Warning: The video does contain graphic and disturbing images meant to educate the audience of how evil of acts men are capable of committing. The images are shown from 5:00 to 6:45. If this is too disturbing then skip this portion of the video.
Satan understands the psychology of evil very well. He is the father of lies. He works through deception and secrecy. He understands that if he can overtake an institution and puppet it, he will lead every soul devoted to such an organization to the gulf of misery and endless wo. The LDS church has been blessed with more scripture then other Christian churches. They have fewer excuses for not obtaining and comprehending deep truth than others. Satan knows this and this is why they are targeted and more susceptible to fall. This is why we must be watchful when presented with opportunities to repent. This especially why we as Mormons should be on guard against devotion, faith, and confidence in a hierarchy because when the deceptive temptation to engage and allow wickedness come, when we are justified to unknowingly cross that skewed line of morality, the gates of hell are ready and open to receive such. Please consider the following:
Lucifer and his followers damn mankind by employing the following strategies.
Imitate: Lucifer makes what he does resemble what the Savior does. He teaches as closely as possible what the Savior teaches. He claims what the Savior claims. He promises what the Savior promises. But in every case, he does so falsely so that it cannot save anyone.

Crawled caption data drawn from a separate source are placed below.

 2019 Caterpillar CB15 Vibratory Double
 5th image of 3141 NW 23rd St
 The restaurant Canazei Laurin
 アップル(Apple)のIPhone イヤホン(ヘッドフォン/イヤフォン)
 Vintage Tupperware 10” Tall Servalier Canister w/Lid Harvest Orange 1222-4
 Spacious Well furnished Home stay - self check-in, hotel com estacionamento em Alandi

Appropriate: He gains control over whatever the Savior establishes. The very best way to insure no one is saved is to take the actual House of God and make it Lucifer’s house.
The weak-minded are easily fooled into believing they have salvation when they only have a powerless imitation. Hence the Lord’s prophesy that many will claim at the last day they did many wonderful things in His name. To them He will say: “I never knew you; depart from me ye that work iniquity.” (Matt. 7:21-23.)

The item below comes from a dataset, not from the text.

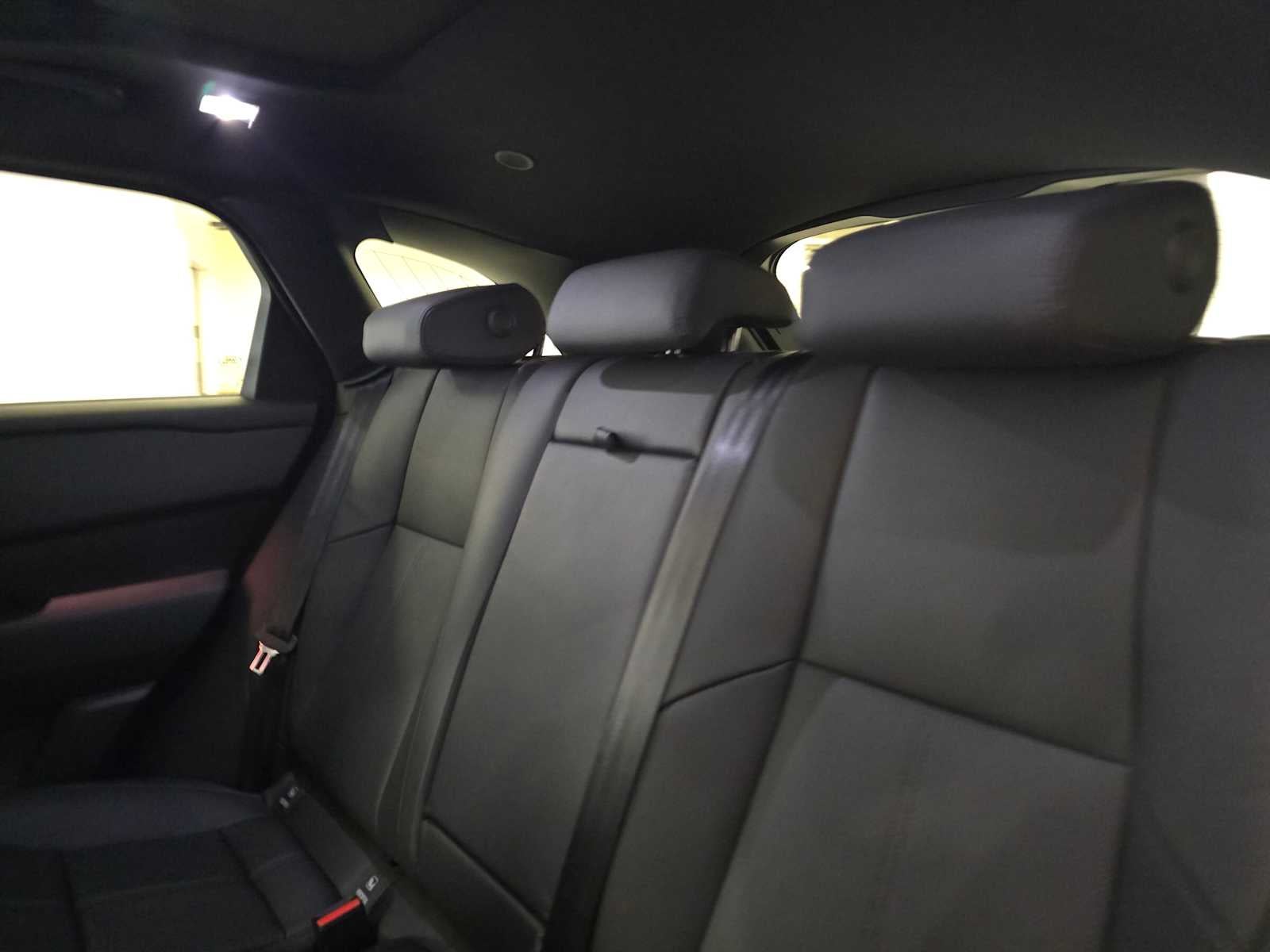 2026 Land Rover Range Rover Velar Dynamic SE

It may seem challenging, but making the right choices is not difficult. As long as we take this concept seriously (our salvation depends on it) and we study carefully using the scriptures as our guide, it is easy to tell imitation from the real thing. It is also easy to see when the order established by Christ has been misappropriated. The scriptures tell us the test for priestcraft. Do men seek the welfare of Zion, or their own benefit?
Protecting the Good Name of the Church
In Sam Young’s interview, he was accused as an apostate by his local church leaders, his stake president left Sam with this warning:
You can’t continue speaking in public about this. We will have to protect the good name of the church.

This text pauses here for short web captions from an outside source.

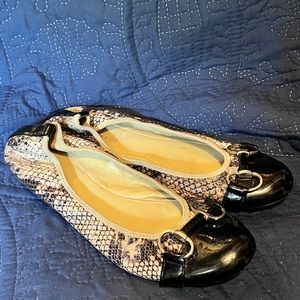 Gustave Snake scan Maryjanes size 9.5. Used on bottom but look new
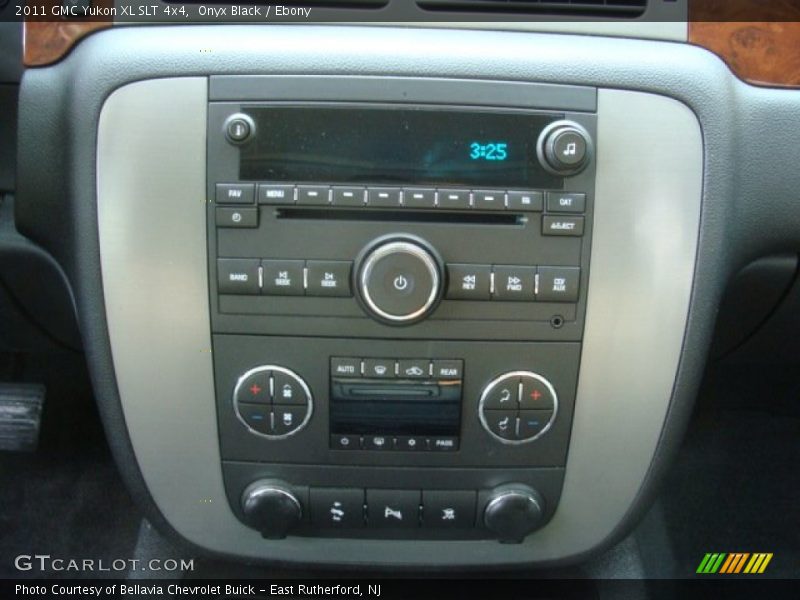 Onyx Black / Ebony 2011 GMC Yukon XL SLT 4x4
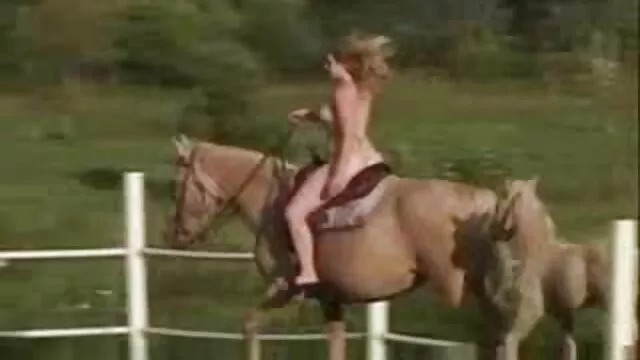 Chica en la piscina se masturba hentaisub espanol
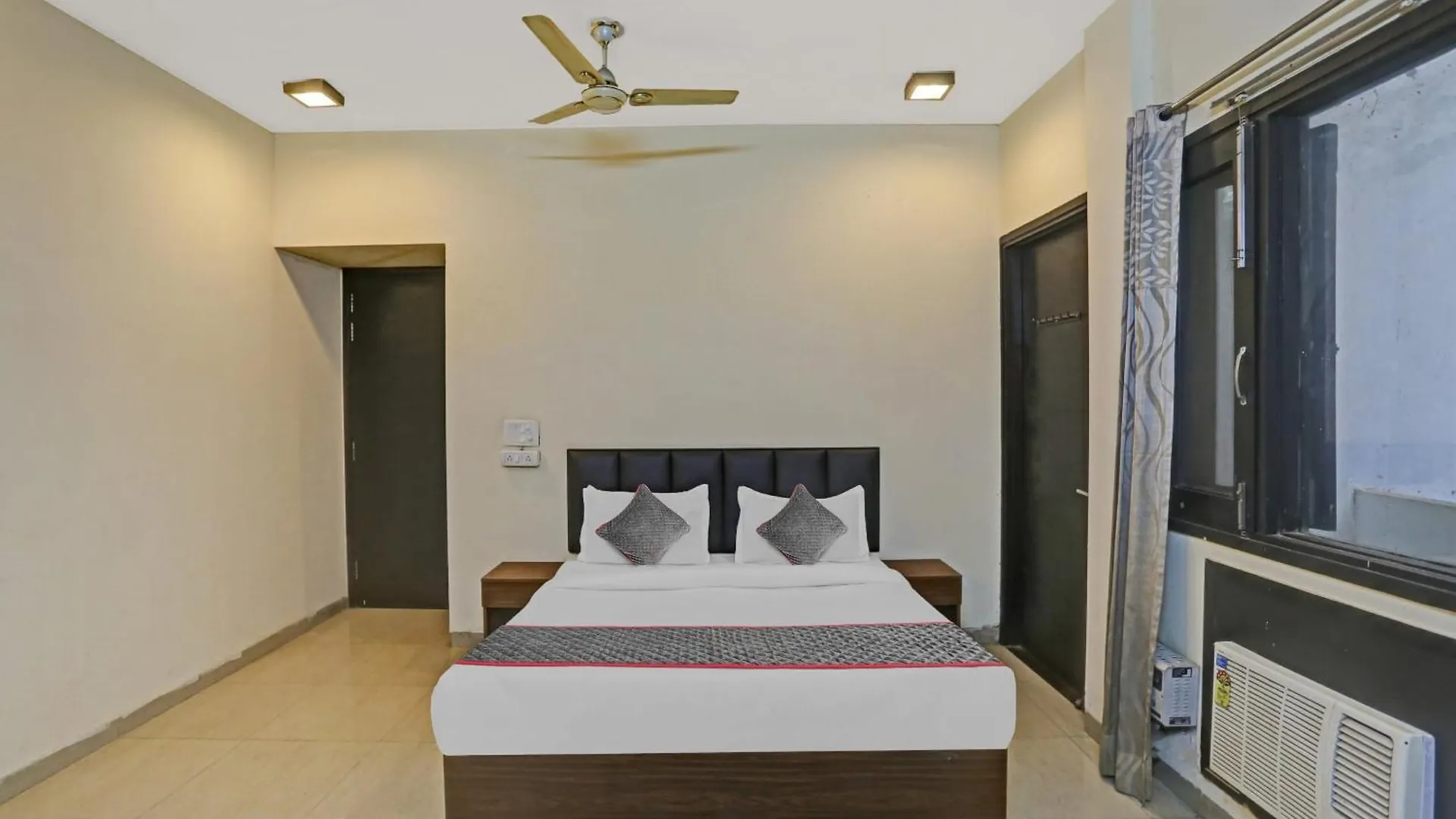Hotel O Global Luxury Stays Gurgáon 3*,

Here is Mr. Young's public response:
I agree that we need to protect the good name of the church. How about that? The Church’s reputation is being trashed by a dreadful policy that is doing severe harm to our children. My fellow Mormons…join with 13,000 of us to protect the good name of the Church. If this policy is not eliminated, those who didn’t speak up for change will be responsible for the bad name the Church is now accruing.
Here is my response and thoughts:
I agree with Sam Young. We need to protect the good name of the church (that is, the collective body of believers). However, from the eyes of the church leaders, I do not believe this is their real concern...
This is the definition of apostasy from the Church Handbook of Instructions:
"Apostasy refers to members who repeatedly act in clear, open, and deliberate public opposition to the Church or its leaders.”
These grounds presented for accusing members of apostasy are not based on morality or doctrine, but rather upon the failure to submit to, obey, and fall in line with those in power. In a religious organization that puts so much emphasis upon and equates salvation to "keys" and authority, it can become a greater priority to safeguard the authority and the reputation of the system instead of the moral obligation to protect those the system is designed to serve. It is difficult for such an organization to have the humility to admit their weaknesses and repent. Leaders are still mortal men who make mistakes. Often their belief in their divine calling and institution can blind them and make them ignorant of the root of evil forming in the organization they preside over. This was the case of King Noah when he had Abinidi excommunicated.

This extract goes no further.